Synthetic hydrogels, are the cross linked polymers which can absorb large amount of water without dissolving in it. Polymeric hydrogel network may be formed from monomers [1, 2] pre-polymers or existing hydrophilic polymers [36]. Polymerization of monomers having hydrophilic groups takes place in the presence of some free radical initiators such as ammonium or potassium persulfate, 2,2′-azobisisobutyronitrile (AIBN) etc. Hennink and van Nostrum [7] reported that the cross linking in a hydrogel can be either physical or chemical in nature and thus can prevent its dissolution in an aqueous environment. In the physically cross linked hydrogel the dissolution is prevented by physical interaction between the chains and the cross linking agents such as N,N′-methylenebisacrylamide, ethylene glycol dimethacrylate, 1,4-butanediol dimethacrylate etc. Softness, smartness and the capacity to store water make the hydrogels unique materials for its wide variety of applications [810].

In recent years many research work has been ongoing on to prepare environment responsive hydrogels that undergo swelling and deswelling in response to changes in variables such as temperature, ionic strength and pH. The polymer chains which are close to each other before swelling but in swollen state they separate to some extent and the interaction between them diminishes. The swelling also depends on the amount of cross linker, concentration of the monomers etc. The large swelling was found to be accompanied by poor mechanical strength which can be improved by increasing the cross linking density, but then the swelling behavior is reported [11] to be affected.

The swelling behavior of the hydrogel is known to depend upon its network structure which is described by the molecular weight between the cross links (Mc), corresponding mesh size (ξ), number of elastically effective chains (Ve) etc. Due to the random nature of the polymerization process, only the average values of the Mc—the measure of the degree of cross linking can be calculated. The cross link density (γ) can thus subsequently be calculated from Mc. There are several theories to describe the network parameters of the hydrogels. The earliest theory to describe the network parameters was developed by Flory and Rehner [12] which describes the molecular weight determination between the cross links for the nonionic polymers. Brannon-Peppas and Peppas [13] derived an equation for the ionic contribution of the ionic hydrogels. By combining the approaches, Peppas–Merril equation have used here to determine simultaneously Mc and γ.

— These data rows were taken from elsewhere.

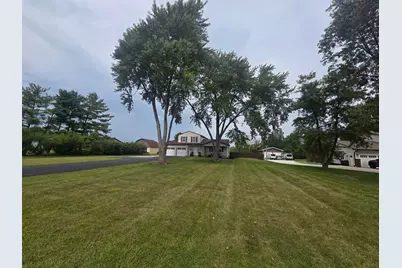 3710 Lukens Road, Grove City, OH 43123 - Photo 87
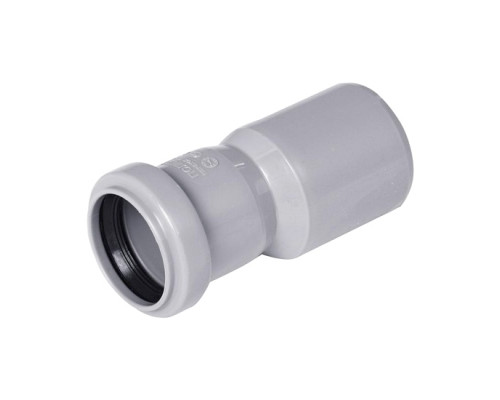 Ринва AlcaPlast APZ8-850m + подарунок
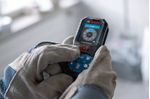 2332097-Trena-Laser-Profissional-50-27-C-Bosch-6-Amoedo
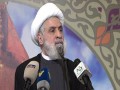 مصر اليوم - حزب الله يسعى ليكون ضمن اتفاق طهران وواشنطن ويرفض أي مفاوضات مع إسرائيل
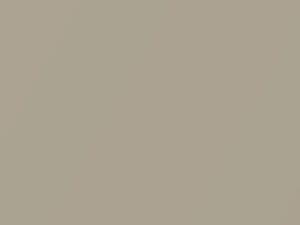 Beige Silk Metallic touch-up paint for Infiniti, code CK0, 1996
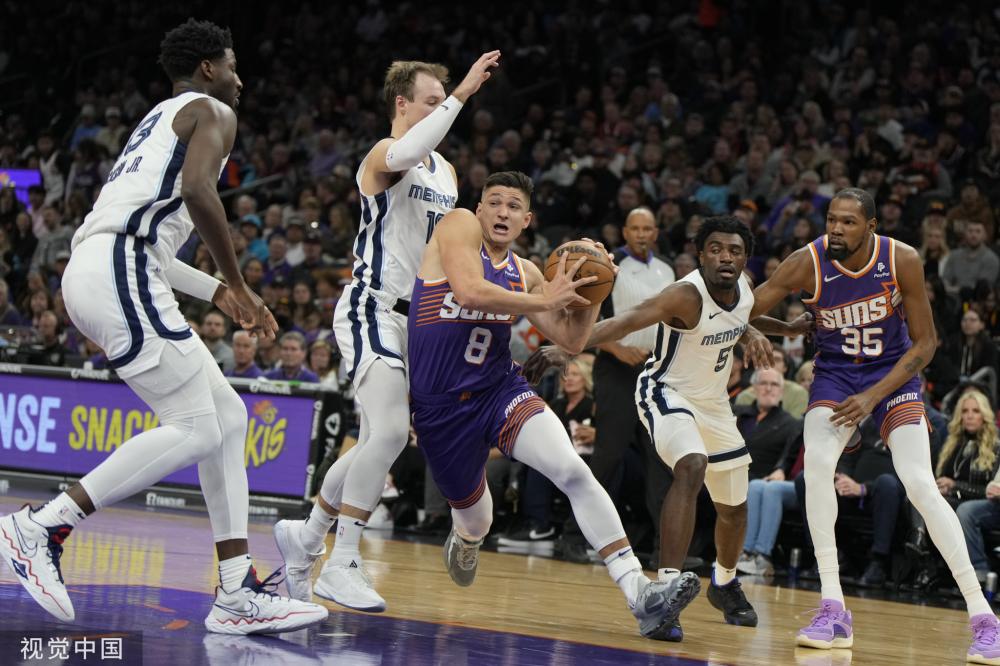 团未来重建 团未来重建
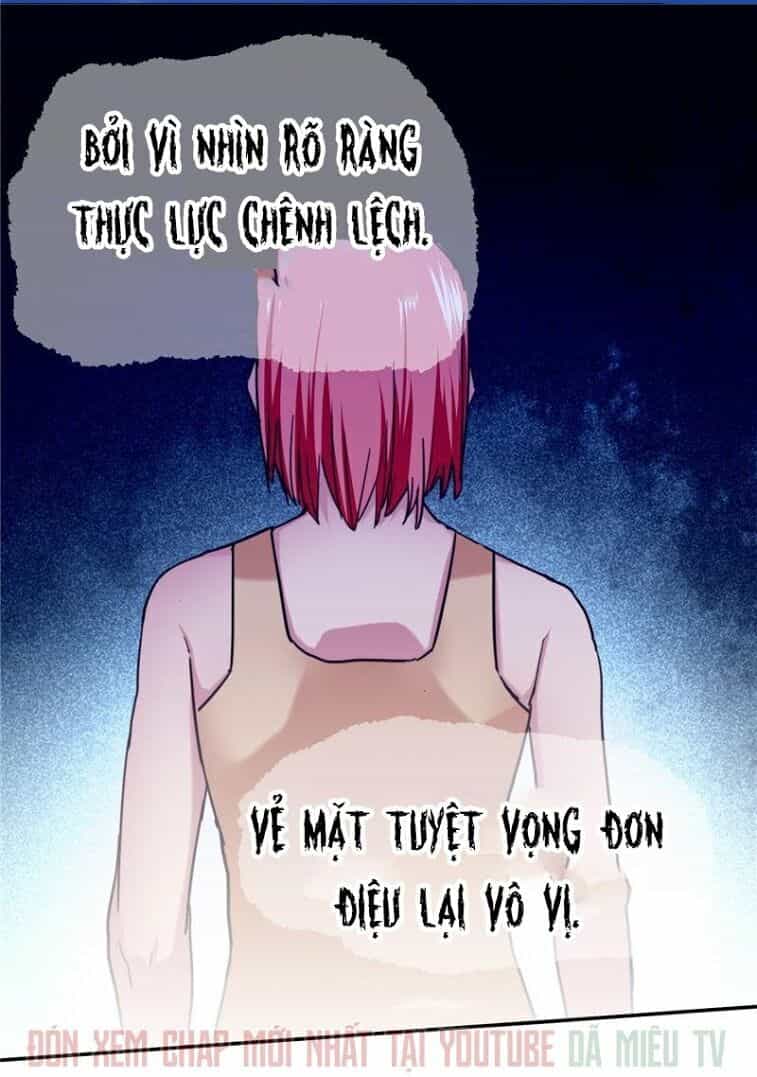 Nhất Phẩm Cao Thủ - Chương 50 - ảnh 21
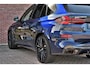 BMW X5 xDrive50e M-Sport Pro Skylounge ACC Trekh B&W Massage Ventilatie Alcantara 22inch
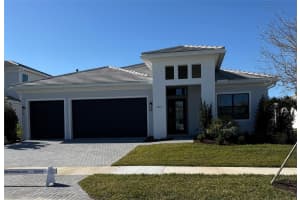 4663 Cedron court, Sarasota, FL 34240, Sold 03/25/25
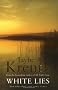 White Lies (Arcane Society 1)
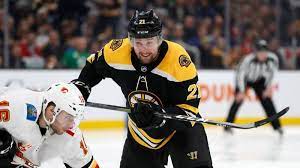 Kase was traded to the boston bruins on feb. Nesn Bruins Podcast First Impressions Of Ondrej Kase Nick Ritchie Nesn Com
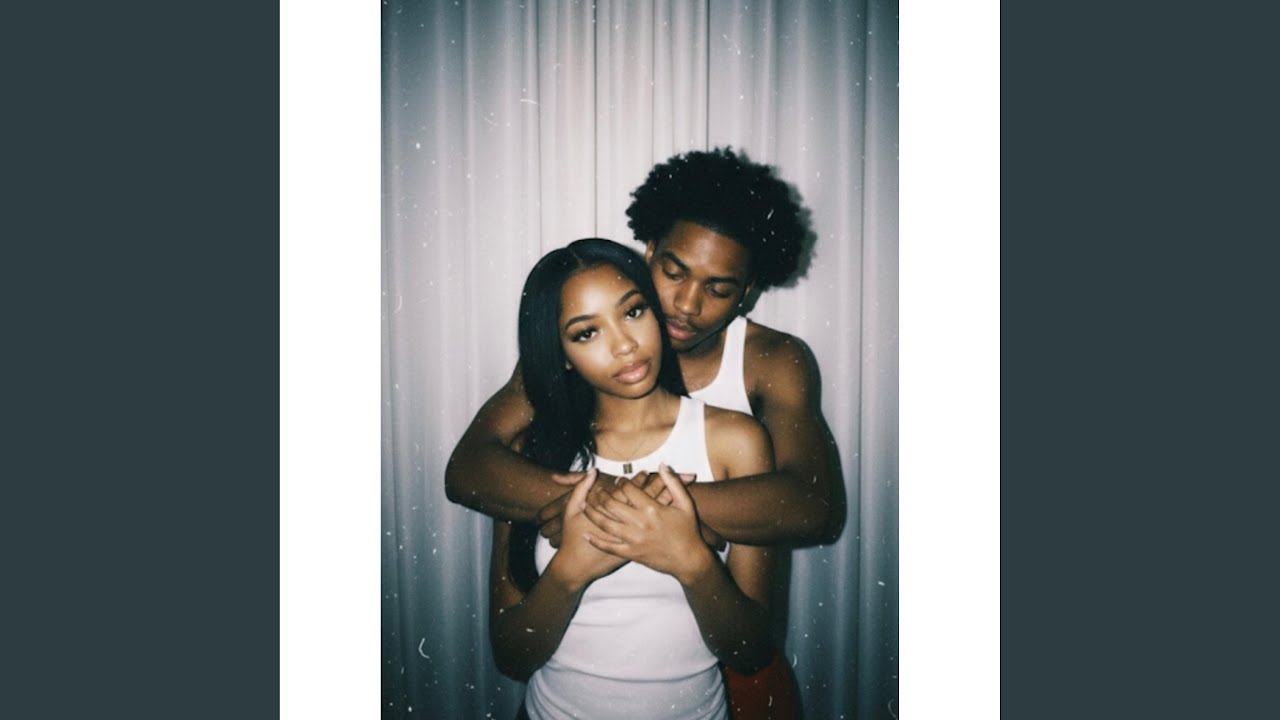 I Rather Go Blind Boy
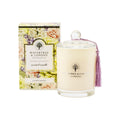Wavertree & London Flower Market Scented Candle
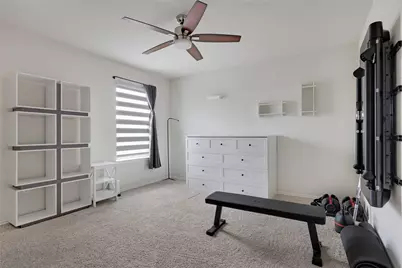 7013 Armagh Drive, Austin, TX 78754 - Photo 17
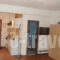 Michel Studios_best deals_Hotel_Peloponesse_Achaia_Kalavryta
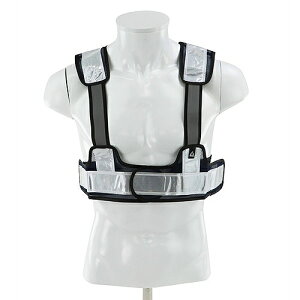 ˃xXgSPIDER240 SPD240F/NBWH X[CN 00402 DIY H  ƕ Ɨp SxXg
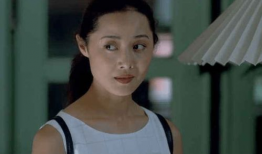 刘蓓电视剧,演绎人生百态，电视剧中的情感传奇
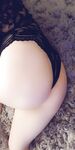 Onlyfans Leaked Photos - Alexxxuncensoredx Photo - Amateur Alexxxuncensoredx Photos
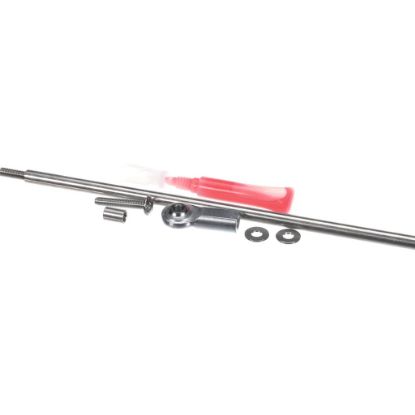 Picture of Antunes Prop Rod Assembly Part# 7002435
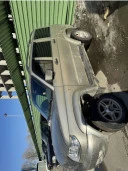 Продается УАЗ ПАТРИОТ, 2012 года выпуска, г. Новосибирск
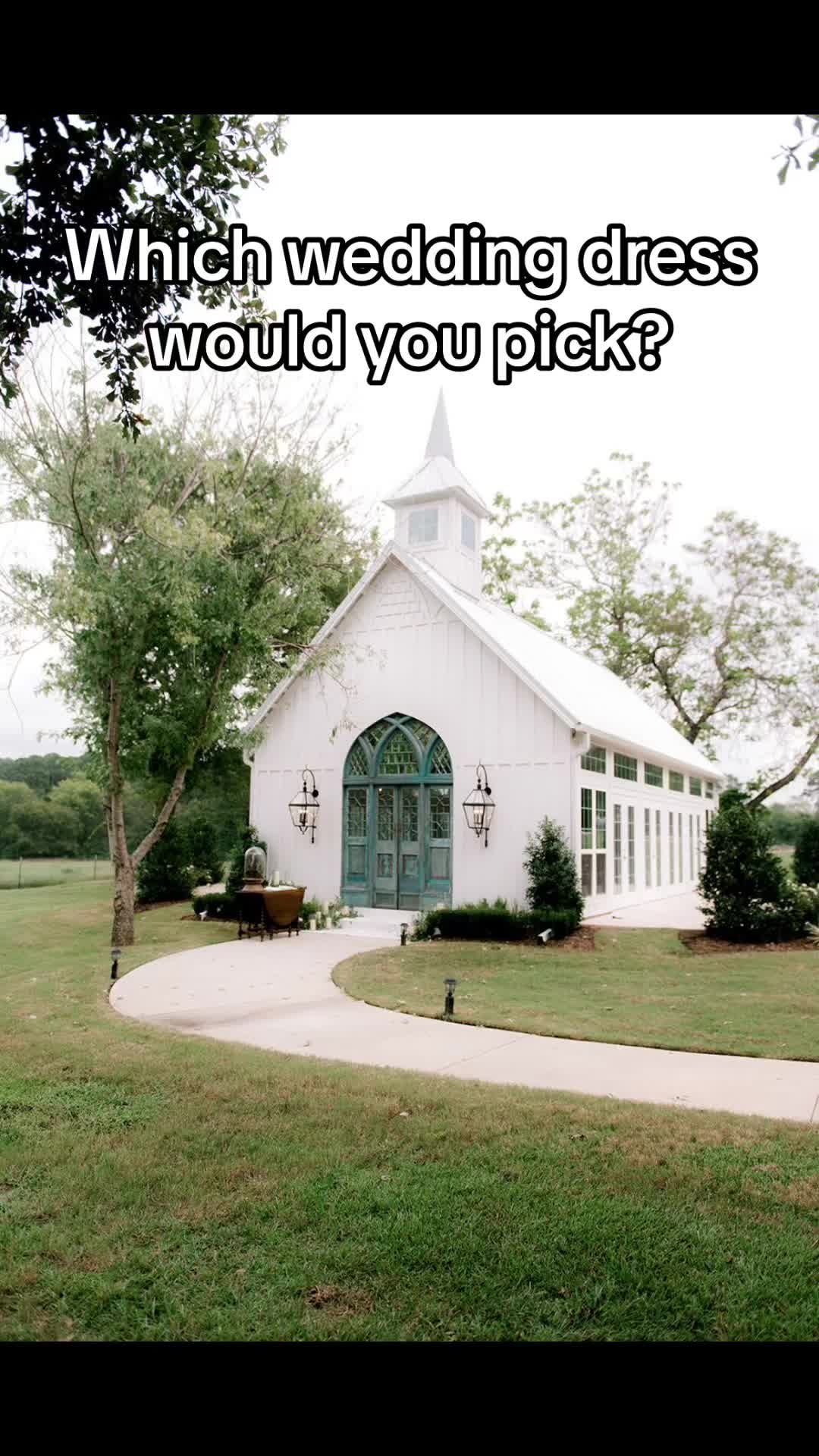 @Bri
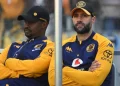 Kaizer Chiefs CAF push puts spotlight on coaches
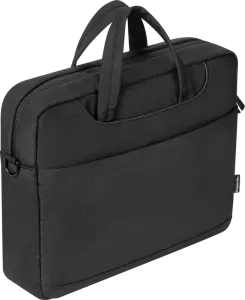 Defender - Torba na notebooka Merf 15.6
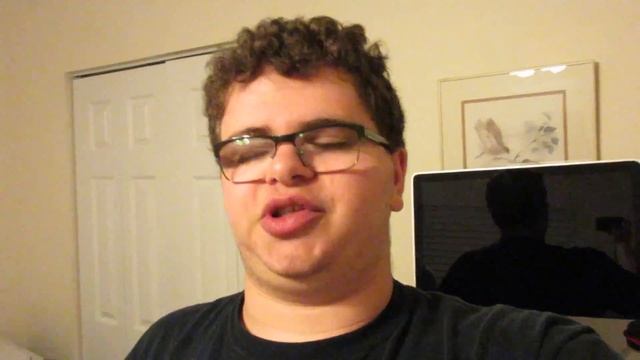 2 Bit Announcements: Skype Got My Birthday Wrong! Podcast Announcement! смотреть онлайн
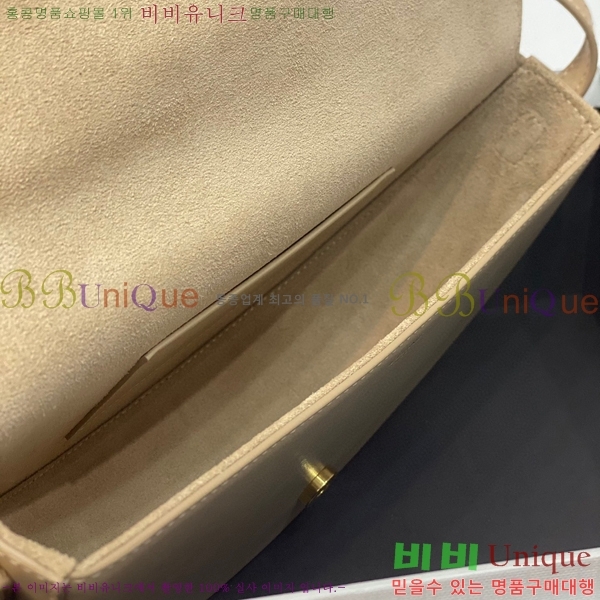 #������ ���� Ʈ������ ����ü�� 111233-683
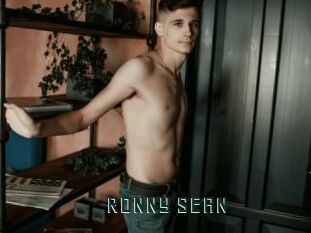 RONNY_SEAN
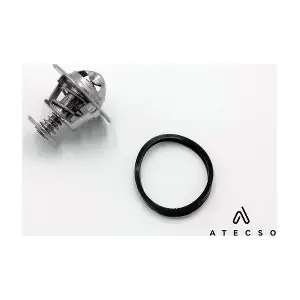 ATECSO TRM00128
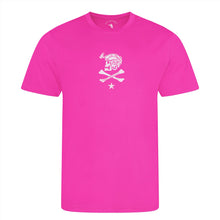 Charger l&#39;image dans la galerie, Toddlers Ally acton Tees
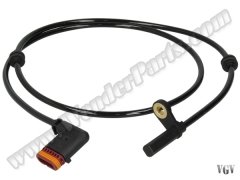 ABS Sensörü X204 Arka - 2045401317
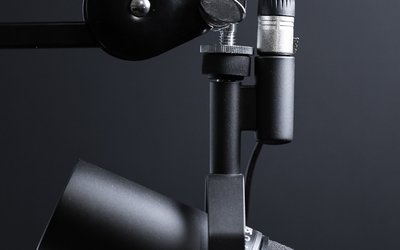 Introducing "Powered by AFDV" – Our New Podcast Series!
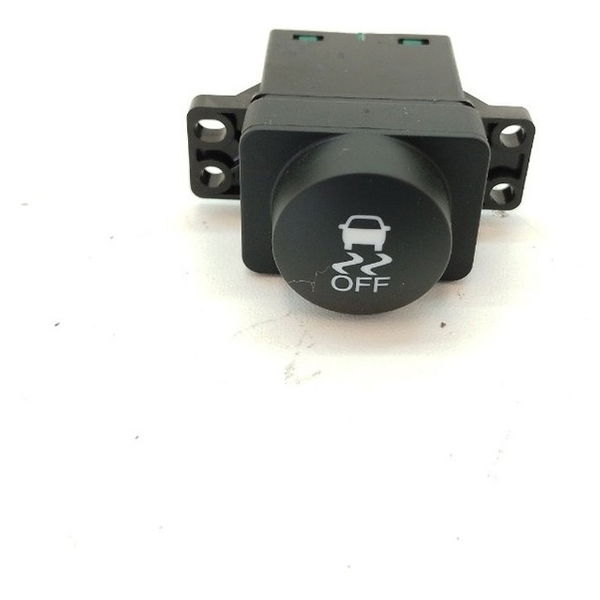 Botão Comando Off Tração Honda Hrv Ex 1.8 2016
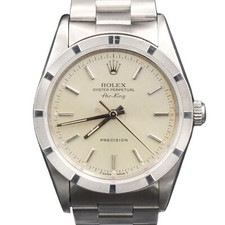 Rolex 14010 Air King Orologio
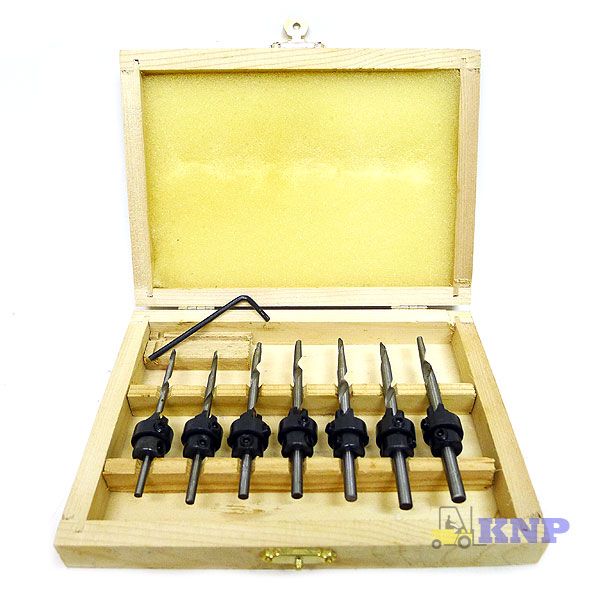 product description woodworking tools single twist design efficiently 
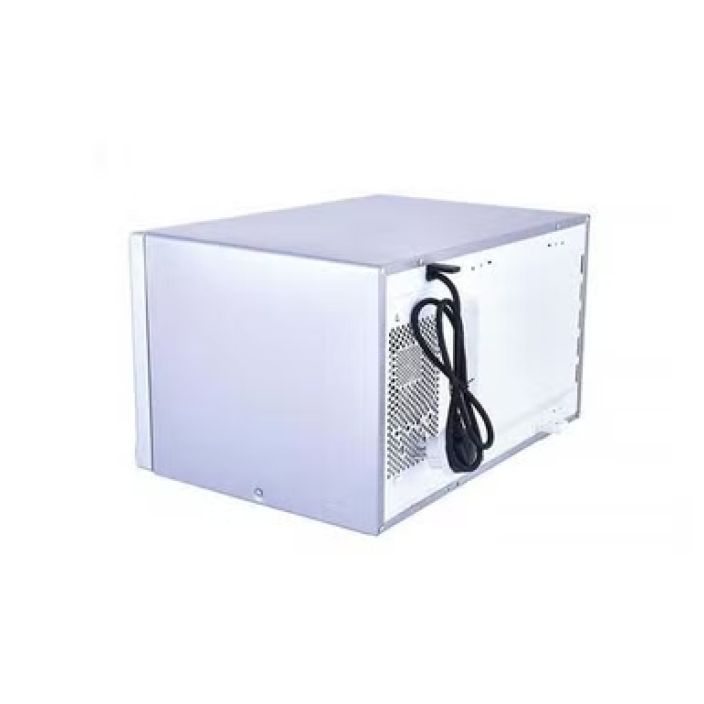 MZ3000PG-B5 Microwave Oven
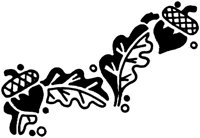IHO022H.TIF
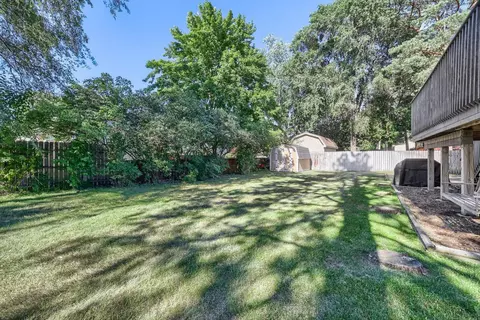 Exterior - 6208 114th Ave N, Champlin, MN 55316 photo 3 of 5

More than one-half of the world’s major rivers are being seriously polluted, degraded and thus threatening the health and livelihood of people who depend upon them for irrigation, drinking and industrial water. Major pollutants include heavy metals such as nickel, cadmium, mercury and zinc and the dyes such as methylene blue, malachite green and eosin. Chemical precipitation [14], ion exchange [15] and adsorption using activated carbon [16, 17] were the traditional methods for removal of all these contaminants. Recently there is a growing interest in using polymeric hydrogels for the removal of heavy metal ions and dyes from aqueous solution, because of their selectivity, reusability and high adsorption capacity. The comparatively moderate cost and the ease of preparation make the hydrogels a promising candidature for the above said application. Functional groups within the polymeric matrix produce complex structures which in turn help in binding the environmental pollutants. Removal of cationic dye can be effectively done by gum arabic co polymerized with sodium acrylate and acrylamide hydrogel [18] or chitosan hydrogel beads generated by anionic surfactant gelation [19]. Many grafted copolymeric hydrogels like gelatin with acrylamide [20], starch with acrylic acid/montmorillonite nanocomposites [21] and cellulose with poly(acrylic acid)/attapulgite [22] are also used for purification of waste water. Poly acrylic acid copolymerized with poly acrylamide [23], methacrylamide [24] and itaconic acid [25] were reported to use in dye industry for purification of water.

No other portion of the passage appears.